*EXERCISE PROMPT:*
Among the records below, find each line bearing the word "Russia" and copy it.

*EXTRACTED ENTRIES:*
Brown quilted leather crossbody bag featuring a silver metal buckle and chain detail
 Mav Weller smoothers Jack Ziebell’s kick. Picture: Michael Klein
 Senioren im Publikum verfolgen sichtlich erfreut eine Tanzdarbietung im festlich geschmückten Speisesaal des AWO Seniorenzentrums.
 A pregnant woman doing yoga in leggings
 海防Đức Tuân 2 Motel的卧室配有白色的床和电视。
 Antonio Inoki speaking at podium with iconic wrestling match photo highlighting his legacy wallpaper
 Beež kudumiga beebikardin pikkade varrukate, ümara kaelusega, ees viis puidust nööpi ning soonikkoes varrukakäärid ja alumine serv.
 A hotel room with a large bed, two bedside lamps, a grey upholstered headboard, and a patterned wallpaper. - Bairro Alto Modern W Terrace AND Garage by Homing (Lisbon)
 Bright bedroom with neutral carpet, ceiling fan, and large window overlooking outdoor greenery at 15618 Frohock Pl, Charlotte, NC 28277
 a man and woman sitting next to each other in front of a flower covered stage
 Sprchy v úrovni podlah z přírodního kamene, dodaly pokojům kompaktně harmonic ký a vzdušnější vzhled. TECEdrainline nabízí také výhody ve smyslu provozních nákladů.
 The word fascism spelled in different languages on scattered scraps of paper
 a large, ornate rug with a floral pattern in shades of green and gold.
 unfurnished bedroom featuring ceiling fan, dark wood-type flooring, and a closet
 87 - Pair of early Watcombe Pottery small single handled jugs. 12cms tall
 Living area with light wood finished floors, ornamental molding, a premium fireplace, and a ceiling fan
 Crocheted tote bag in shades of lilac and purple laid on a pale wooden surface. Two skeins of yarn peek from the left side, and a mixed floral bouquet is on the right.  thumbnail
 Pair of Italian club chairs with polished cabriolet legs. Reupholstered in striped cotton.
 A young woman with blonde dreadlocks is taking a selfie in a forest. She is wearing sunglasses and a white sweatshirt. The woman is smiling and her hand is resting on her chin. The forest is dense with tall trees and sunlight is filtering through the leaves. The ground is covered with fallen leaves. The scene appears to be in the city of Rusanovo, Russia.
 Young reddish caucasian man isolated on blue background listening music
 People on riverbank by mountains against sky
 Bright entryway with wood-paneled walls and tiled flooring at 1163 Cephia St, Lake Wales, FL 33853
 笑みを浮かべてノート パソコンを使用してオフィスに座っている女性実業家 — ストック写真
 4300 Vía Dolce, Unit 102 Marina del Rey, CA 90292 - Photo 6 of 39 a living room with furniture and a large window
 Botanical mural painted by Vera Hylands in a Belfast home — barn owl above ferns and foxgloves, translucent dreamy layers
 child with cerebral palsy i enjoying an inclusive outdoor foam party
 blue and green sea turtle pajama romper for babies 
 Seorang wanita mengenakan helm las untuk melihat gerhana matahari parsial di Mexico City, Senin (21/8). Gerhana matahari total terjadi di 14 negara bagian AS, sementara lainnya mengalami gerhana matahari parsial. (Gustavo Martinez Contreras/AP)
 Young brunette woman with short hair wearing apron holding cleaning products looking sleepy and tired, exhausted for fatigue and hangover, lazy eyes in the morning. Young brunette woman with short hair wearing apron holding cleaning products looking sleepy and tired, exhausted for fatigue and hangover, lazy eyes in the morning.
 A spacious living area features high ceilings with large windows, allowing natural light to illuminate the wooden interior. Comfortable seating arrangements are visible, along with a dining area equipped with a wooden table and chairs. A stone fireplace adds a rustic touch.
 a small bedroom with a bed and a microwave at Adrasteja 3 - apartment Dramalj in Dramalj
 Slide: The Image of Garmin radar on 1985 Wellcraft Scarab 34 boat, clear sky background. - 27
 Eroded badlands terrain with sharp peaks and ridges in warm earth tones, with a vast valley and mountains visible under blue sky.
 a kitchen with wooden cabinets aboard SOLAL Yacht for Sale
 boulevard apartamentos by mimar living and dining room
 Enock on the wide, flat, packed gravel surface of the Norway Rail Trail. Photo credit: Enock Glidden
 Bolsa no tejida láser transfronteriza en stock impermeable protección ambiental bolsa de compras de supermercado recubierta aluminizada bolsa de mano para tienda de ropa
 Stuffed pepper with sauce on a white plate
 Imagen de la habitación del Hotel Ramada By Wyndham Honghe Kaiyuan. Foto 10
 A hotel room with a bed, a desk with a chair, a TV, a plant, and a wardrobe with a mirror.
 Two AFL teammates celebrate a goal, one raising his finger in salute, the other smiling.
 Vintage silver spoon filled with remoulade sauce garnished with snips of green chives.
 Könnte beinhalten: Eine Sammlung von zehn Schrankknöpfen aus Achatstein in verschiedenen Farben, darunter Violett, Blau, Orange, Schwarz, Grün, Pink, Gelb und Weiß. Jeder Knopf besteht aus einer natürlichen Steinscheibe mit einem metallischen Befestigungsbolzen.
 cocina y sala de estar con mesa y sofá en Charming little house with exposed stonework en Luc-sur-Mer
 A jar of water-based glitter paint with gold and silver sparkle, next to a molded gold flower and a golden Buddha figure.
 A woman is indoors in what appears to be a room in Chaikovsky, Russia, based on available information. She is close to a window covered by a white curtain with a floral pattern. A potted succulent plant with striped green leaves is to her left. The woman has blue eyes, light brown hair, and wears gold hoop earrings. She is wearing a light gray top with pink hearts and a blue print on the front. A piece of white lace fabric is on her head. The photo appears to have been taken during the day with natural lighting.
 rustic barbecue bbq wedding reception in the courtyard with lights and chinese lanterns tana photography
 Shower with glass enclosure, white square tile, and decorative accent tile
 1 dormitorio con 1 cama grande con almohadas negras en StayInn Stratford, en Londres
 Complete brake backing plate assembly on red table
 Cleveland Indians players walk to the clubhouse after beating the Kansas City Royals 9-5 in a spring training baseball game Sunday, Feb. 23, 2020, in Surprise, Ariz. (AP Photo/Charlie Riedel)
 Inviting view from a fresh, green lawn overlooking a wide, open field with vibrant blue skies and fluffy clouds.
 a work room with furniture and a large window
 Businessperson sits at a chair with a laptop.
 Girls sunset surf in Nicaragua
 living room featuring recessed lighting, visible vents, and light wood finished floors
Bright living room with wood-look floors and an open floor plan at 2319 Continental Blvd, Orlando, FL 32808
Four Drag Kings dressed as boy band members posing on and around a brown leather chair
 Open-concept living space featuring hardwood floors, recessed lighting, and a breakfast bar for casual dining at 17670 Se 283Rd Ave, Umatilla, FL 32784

*FINAL ANSWER:*
 A young woman with blonde dreadlocks is taking a selfie in a forest. She is wearing sunglasses and a white sweatshirt. The woman is smiling and her hand is resting on her chin. The forest is dense with tall trees and sunlight is filtering through the leaves. The ground is covered with fallen leaves. The scene appears to be in the city of Rusanovo, Russia.
 A woman is indoors in what appears to be a room in Chaikovsky, Russia, based on available information. She is close to a window covered by a white curtain with a floral pattern. A potted succulent plant with striped green leaves is to her left. The woman has blue eyes, light brown hair, and wears gold hoop earrings. She is wearing a light gray top with pink hearts and a blue print on the front. A piece of white lace fabric is on her head. The photo appears to have been taken during the day with natural lighting.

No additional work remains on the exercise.